(Dataset excerpts)
--- START ---

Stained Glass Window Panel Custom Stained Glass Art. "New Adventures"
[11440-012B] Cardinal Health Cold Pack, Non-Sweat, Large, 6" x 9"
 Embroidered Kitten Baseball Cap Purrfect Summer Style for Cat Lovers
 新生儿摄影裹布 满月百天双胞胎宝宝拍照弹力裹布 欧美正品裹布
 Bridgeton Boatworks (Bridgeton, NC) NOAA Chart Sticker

--- END ---

Copy down the whole of the data above, matching it exactly.

• **WRITTEN REPLY**:
Stained Glass Window Panel Custom Stained Glass Art. "New Adventures"
[11440-012B] Cardinal Health Cold Pack, Non-Sweat, Large, 6" x 9"
 Embroidered Kitten Baseball Cap Purrfect Summer Style for Cat Lovers
 新生儿摄影裹布 满月百天双胞胎宝宝拍照弹力裹布 欧美正品裹布
 Bridgeton Boatworks (Bridgeton, NC) NOAA Chart Sticker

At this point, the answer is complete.